On This Page

Home / Reference Architectures/ Core Architectural Concepts/Operational Monitoring

Operational Monitoring

A performant and reliable Cribl deployment relies upon a defined architecture for monitoring its operational health, data flows, and change events.

Visibility and Health

A complete monitoring architecture for Cribl leverages a multi-faceted approach, with all capabilities provided by the Cribl Internal Source. Your architectural plan must account for three distinct operational workflows, each serving a different purpose.

  • Built-in Monitoring Dashboards: This is the primary interface for day-to-day operational visibility.
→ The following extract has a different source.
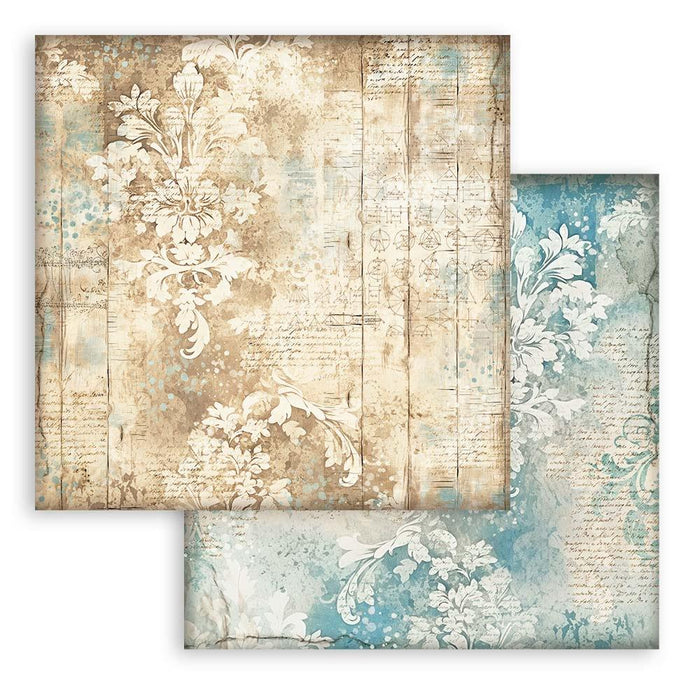 Stamperia - Backgrounds Double-Sided paper Pad 8"X8" - 10/Pkg - Alterego. Available at Embellish Away located in Bowmanville Ontario Canada.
It’s designed for immediate troubleshooting, showing real-time data flows, Pipeline performance, and component health (CPU/Memory).
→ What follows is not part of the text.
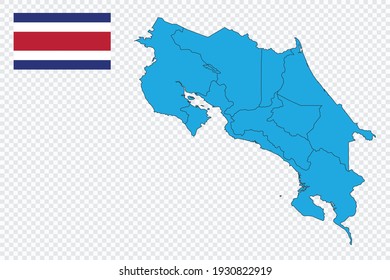 Mapa y bandera de Costa Rica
  • Long-Term Strategic Analysis: For long-term trend analysis, capacity planning, and historical reporting, the architecture must include forwarding internal metrics and logs to an archival Destination like Cribl Lake or a dedicated external platform. This provides data persistence and allows you to correlate performance with your broader infrastructure.

  • Cribl Search: For immediate, deep-dive troubleshooting that goes beyond dashboards, leverage Cribl Search. It allows you to run queries directly against the internal logs on your Cribl Nodes or in archival storage in-place, providing rapid answers for incident response without the delay of forwarding and indexing that data in another system.
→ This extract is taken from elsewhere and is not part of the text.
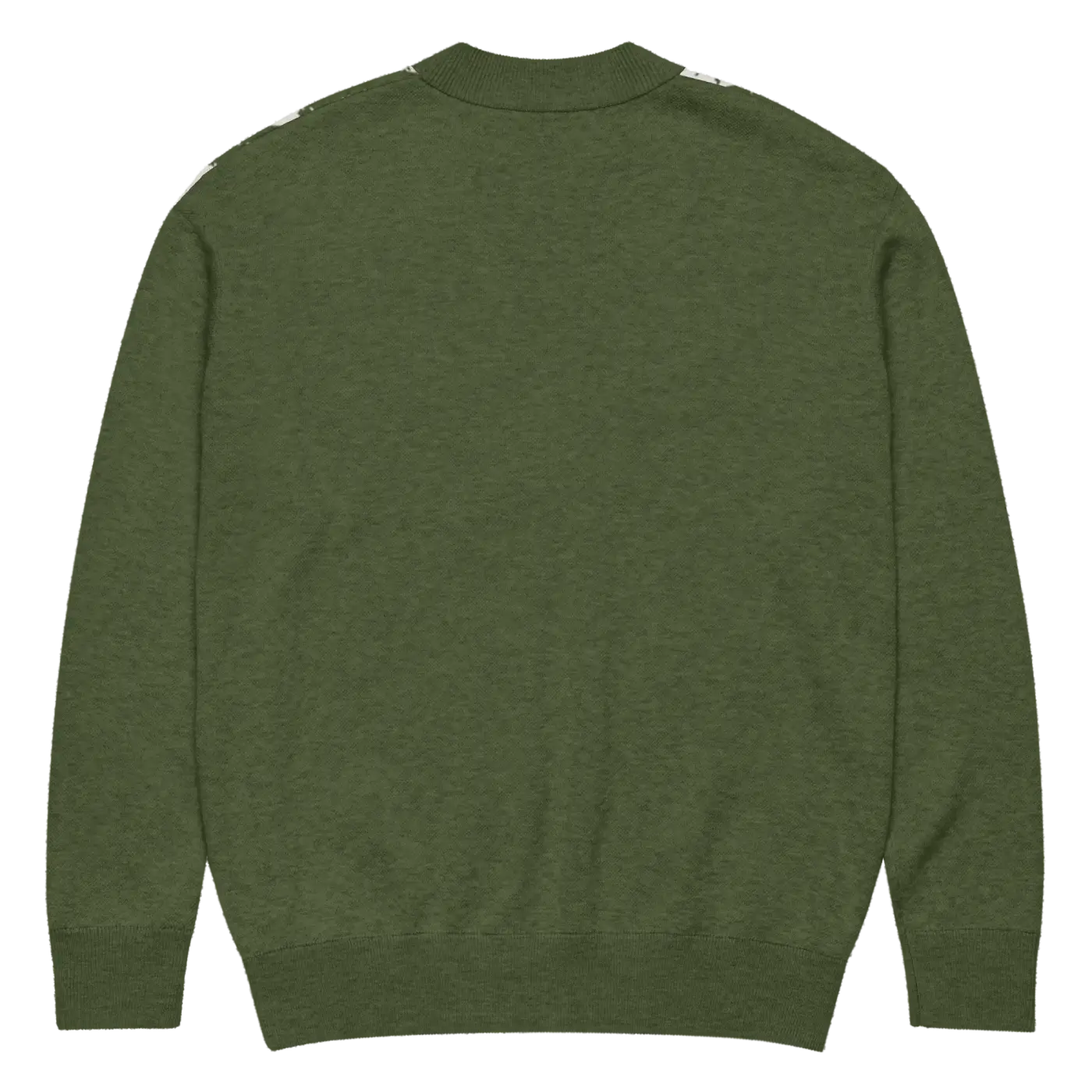 Green Argyle Diamond Knit Cardigan - Cozy Layering - DipaliZ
Deployment Model Considerations

Your responsibility for monitoring the Cribl components changes based on your deployment model:

  • Cribl.Cloud: This is a managed service. Cribl provides the monitoring UI for your cloud-hosted Nodes. Your responsibility is to use these tools and plan if and where you will forward their monitoring data for long-term retention.
  • On-Premises: You are responsible for monitoring your entire Cribl deployment. This includes both the Cribl application data and the health of the underlying host operating system and network for your self-hosted Leader and Worker nodes.
  • Hybrid: You have a shared responsibility. You must provide full-stack monitoring for your self-hosted Cribl Nodes, while using the managed tools for your cloud-hosted Nodes. A key architectural challenge is unifying these two sources of monitoring data into a single view.

Monitor Audit and Change Events

While auditing is a security function, monitoring audit events is an operational task critical for stability. Unplanned changes are a cause of incidents.

  • Monitor Configuration Changes: The Leader Node uses a Git repository and detailed logs (such as audit.log) to track every configuration change. Your monitoring strategy should include forwarding these logs to a central system. Plan to build dashboards or alerts to track the frequency of deployments and watch for unexpected configuration activity. This allows for rapid investigation, especially when using Cribl Search to query these audit logs directly on the Leader.

  • Monitor Administrative Access: The access.log and ui-access.log provide a trail of all administrative activity. While primarily for security, monitoring these for unusual patterns (like a spike in logins) can be an early indicator of operational issues or unauthorized activity affecting the platform.

Deployment Model Considerations

Your scope for monitoring these events differs:

  • Cribl.Cloud: Your monitoring scope is limited to the application-level audit logs from your customer-managed Workers and Edge nodes. Logs generated by the Cribl-managed Leader are not exposed for forwarding.
  • On-Premises: You are responsible for monitoring both the Cribl application audit logs from all components and the host-level access logs (like SSH) for the servers running your Cribl components.
  • Hybrid: You have a combined responsibility to monitor application-level logs from all components and host-level logs for your on-premises Workers.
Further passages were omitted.